*** Block opens ***

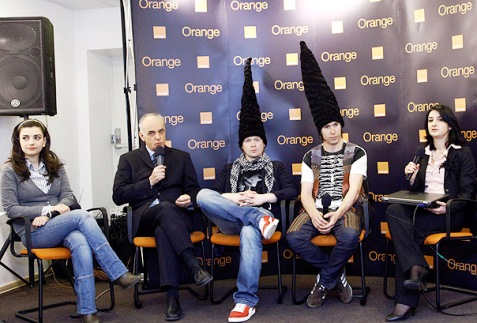 Orange-ը հյուրընկալեց Եվրատեսիլի մոլդովացի մասնակիցներին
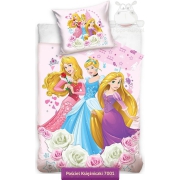 Disney Princess pink kids bedding 140x200 or 150x200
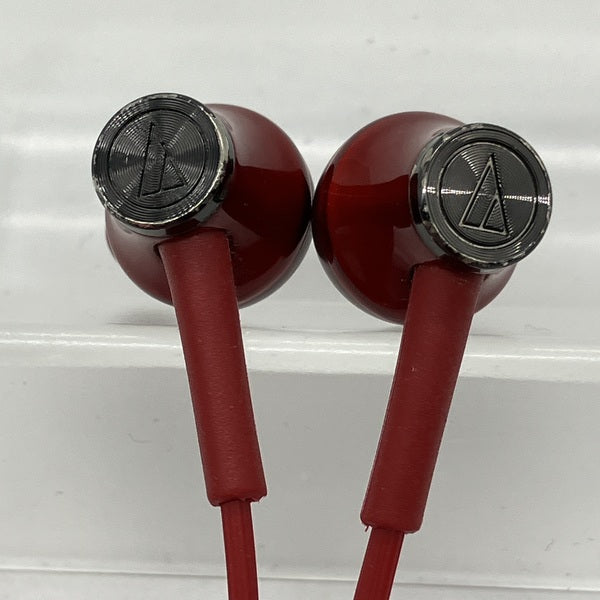 【中古】ATH-CK350M RD レッド【日本橋】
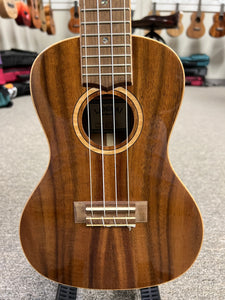 LANIKAI ACS-C Solid Acacia Concert Ukulele w/Case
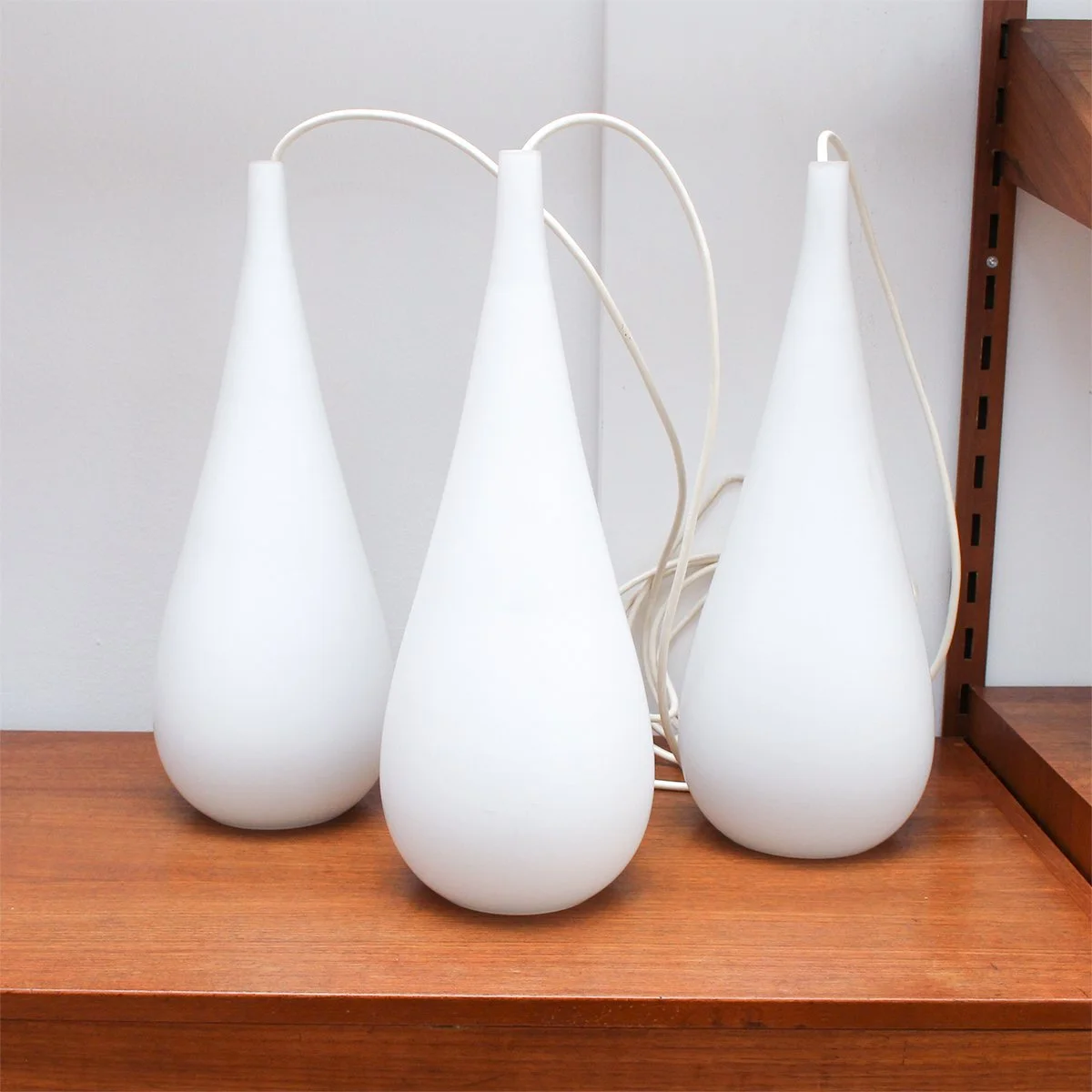 Kaskadenlampe Opalglas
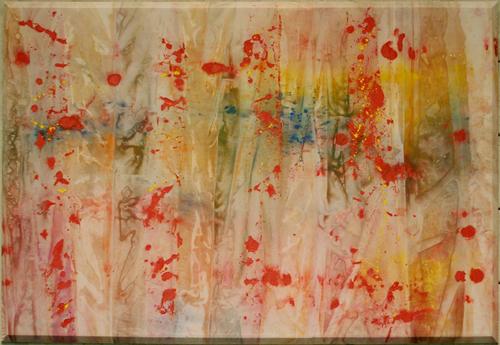  "Red April" - Sam Gilliam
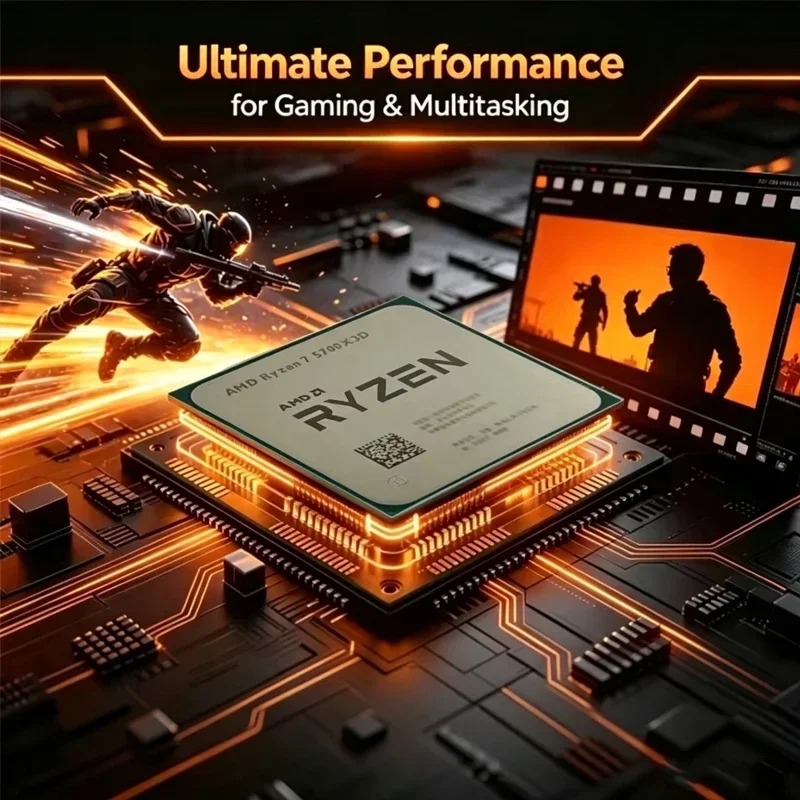 AMD Ryzen 7 5700X3D Bulk CPU f - Amd Cpu Ryzen 7 评论和价格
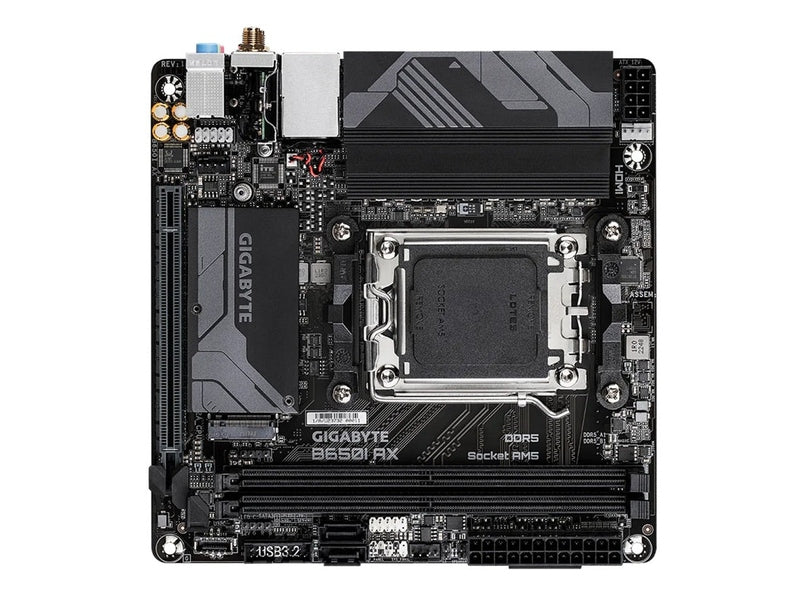 Gigabyte B650I AX 1.0 AM5 m-ITX Motherboard B650I AX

*** Block closes ***

Return exactly the lines from the line with "Disney Princess pink" through the last line of the data above, both included; pictures do not go in the answer.

**Expected output**:
 Disney Princess pink kids bedding 140x200 or 150x200
 【中古】ATH-CK350M RD レッド【日本橋】
 LANIKAI ACS-C Solid Acacia Concert Ukulele w/Case
 Kaskadenlampe Opalglas
  "Red April" - Sam Gilliam
 AMD Ryzen 7 5700X3D Bulk CPU f - Amd Cpu Ryzen 7 评论和价格
 Gigabyte B650I AX 1.0 AM5 m-ITX Motherboard B650I AX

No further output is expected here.